The site’s founder Odysseas Papadimitriou, writing about the findings for The Christian Science Monitor, said several major card issuers let you transfer car loans to their credit cards — in effect, letting you trade secured debt (the car is collateral for the loan) for unsecured debt. Some cards have introductory zero interest rate periods of up to 18 months. If you use such transfers strategically,  he says, you can lower the rate on your car loan, saving as much as $1,000 in interest charges.

If you have just one to two years left on your auto loan, he says, that means the credit card pays off your car loan, getting you the title to the car sooner than expected, and “ensuring that payment difficulties won’t result in your car being repossessed.”

The catch, of course, is that you actually have to pay off the loan before the zero interest period expires. Otherwise, you’ll end up paying double-digit interest on the balance, negating any advantage from transferring the loan.

There are all sorts of potential downsides to such a move, says John Ulzheimer, a credit expert who writes for several financial Web sites. “It’s very dangerous for a variety of reasons,” he said.

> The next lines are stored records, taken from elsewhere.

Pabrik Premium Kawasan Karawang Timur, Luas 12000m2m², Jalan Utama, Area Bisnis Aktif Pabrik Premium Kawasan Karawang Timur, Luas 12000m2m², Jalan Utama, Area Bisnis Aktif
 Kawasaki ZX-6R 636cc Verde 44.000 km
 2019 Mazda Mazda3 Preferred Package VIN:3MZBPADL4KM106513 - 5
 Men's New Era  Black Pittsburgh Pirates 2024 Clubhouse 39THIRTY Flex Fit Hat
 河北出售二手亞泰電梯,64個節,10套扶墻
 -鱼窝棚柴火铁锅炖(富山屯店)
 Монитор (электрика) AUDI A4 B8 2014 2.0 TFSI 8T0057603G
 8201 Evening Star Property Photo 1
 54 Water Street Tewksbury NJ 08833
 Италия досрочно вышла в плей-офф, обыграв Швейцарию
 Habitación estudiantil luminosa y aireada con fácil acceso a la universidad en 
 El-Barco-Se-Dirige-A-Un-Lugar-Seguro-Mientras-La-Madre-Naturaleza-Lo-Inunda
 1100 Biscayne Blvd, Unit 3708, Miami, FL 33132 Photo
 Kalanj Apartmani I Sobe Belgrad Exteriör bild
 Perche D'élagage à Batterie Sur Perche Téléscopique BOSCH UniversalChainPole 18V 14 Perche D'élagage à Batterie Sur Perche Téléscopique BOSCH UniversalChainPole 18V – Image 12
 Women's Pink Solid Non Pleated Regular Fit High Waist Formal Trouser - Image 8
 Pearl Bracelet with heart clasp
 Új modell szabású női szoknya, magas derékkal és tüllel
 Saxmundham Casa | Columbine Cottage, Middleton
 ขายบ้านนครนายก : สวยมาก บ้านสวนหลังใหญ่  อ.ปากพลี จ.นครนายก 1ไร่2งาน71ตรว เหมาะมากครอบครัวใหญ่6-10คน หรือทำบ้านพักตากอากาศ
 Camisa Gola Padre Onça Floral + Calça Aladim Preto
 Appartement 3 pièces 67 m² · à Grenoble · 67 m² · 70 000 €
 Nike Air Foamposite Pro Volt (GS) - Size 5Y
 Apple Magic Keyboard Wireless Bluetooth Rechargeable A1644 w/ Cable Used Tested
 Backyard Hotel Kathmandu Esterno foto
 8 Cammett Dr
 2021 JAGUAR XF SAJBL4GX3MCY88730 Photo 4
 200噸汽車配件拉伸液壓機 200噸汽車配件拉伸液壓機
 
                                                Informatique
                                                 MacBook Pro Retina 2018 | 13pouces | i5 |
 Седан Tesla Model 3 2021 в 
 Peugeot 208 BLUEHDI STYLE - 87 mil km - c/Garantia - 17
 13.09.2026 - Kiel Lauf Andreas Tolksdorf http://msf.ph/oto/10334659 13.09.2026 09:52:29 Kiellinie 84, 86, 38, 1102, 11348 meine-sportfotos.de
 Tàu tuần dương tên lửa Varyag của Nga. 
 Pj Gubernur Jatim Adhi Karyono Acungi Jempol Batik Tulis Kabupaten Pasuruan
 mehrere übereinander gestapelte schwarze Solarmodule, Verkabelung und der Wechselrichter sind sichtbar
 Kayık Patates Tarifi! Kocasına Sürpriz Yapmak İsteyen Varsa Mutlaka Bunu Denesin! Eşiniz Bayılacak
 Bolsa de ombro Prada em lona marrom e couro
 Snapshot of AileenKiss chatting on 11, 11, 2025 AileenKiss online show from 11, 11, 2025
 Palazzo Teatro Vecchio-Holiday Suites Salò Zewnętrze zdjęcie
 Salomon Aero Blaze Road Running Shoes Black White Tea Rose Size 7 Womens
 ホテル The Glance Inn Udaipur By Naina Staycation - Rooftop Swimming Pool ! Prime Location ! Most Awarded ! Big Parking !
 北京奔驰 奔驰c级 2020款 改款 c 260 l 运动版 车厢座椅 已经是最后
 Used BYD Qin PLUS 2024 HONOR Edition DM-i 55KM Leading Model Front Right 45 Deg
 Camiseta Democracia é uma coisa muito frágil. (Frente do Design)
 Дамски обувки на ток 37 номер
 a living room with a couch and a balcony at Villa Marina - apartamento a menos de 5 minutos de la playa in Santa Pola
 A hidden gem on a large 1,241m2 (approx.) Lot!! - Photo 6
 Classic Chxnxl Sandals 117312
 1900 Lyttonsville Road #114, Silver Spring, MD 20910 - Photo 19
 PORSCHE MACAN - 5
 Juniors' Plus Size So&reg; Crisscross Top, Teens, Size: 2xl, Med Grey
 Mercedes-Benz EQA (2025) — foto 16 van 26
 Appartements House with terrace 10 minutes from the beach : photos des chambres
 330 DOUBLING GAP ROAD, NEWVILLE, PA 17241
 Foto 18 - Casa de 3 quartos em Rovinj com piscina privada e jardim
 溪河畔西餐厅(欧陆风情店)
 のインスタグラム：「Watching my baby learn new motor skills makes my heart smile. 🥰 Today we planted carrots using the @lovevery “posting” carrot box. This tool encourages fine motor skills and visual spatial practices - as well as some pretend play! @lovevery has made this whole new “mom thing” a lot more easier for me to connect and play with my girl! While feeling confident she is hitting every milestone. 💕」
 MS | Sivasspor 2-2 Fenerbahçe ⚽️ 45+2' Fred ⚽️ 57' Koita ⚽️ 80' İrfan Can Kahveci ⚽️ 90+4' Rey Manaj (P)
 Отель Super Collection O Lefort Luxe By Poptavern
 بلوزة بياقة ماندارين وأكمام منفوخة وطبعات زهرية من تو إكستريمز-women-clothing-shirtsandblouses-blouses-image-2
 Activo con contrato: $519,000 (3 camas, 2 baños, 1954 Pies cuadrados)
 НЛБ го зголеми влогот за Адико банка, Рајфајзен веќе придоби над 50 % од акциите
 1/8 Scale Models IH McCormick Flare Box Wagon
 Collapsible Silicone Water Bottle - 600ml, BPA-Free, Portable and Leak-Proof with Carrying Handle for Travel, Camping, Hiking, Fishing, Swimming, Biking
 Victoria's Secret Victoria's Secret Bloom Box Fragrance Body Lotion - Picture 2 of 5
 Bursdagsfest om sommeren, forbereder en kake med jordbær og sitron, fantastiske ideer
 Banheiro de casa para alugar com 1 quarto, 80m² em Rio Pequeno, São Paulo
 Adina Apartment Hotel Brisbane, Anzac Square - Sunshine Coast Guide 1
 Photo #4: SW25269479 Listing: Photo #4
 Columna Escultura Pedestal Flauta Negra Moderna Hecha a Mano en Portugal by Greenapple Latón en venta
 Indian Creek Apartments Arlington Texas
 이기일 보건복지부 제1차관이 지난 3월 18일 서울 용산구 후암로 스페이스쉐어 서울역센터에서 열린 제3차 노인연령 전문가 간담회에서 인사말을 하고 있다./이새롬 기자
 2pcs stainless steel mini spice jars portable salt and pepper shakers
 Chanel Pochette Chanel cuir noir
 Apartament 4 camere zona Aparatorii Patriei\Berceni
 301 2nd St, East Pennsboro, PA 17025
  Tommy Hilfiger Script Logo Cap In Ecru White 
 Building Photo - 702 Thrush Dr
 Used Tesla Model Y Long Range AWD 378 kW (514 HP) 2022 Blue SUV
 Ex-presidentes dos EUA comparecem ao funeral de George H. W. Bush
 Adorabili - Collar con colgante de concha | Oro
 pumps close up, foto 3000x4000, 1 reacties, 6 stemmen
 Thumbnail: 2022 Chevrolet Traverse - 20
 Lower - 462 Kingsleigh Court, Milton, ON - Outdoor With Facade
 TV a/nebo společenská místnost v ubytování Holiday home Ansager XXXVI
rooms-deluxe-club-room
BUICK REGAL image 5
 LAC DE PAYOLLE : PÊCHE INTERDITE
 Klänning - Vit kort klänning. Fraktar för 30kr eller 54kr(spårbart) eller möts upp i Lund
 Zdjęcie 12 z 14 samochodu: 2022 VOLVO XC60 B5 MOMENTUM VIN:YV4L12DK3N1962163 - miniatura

First, he said, your credit score may take a hit simply because you’ve applied for new credit. In addition, you’re trading installment debt for revolving debt, which also tends to have a negative impact on your credit score. Installment debt has much less of an effect on your credit score than revolving, or credit card debt, because its typically secured by something and is less risky for the lender. Revolving debt is riskiest for the lender, so it has more impact on your score.

“Unless you’re financially capable of writing a check at the end of one year, you shouldn’t do it,” he said. And if you’re capable of doing that, he said, why not just write a check to pay off the car loan yourself?

Another potential flaw in the plan, he said, is that most zero percent interest offers are made only to people with sterling credit. And if your credit is that strong, you likely aren’t in a bind that would require transferring debt onto another card.

In short, it sounds interesting, “but if you think through the impact, it’s not really a good idea,” he said.

Have you ever transferred a car loan or other type of loan to a credit card? How did it work out for you?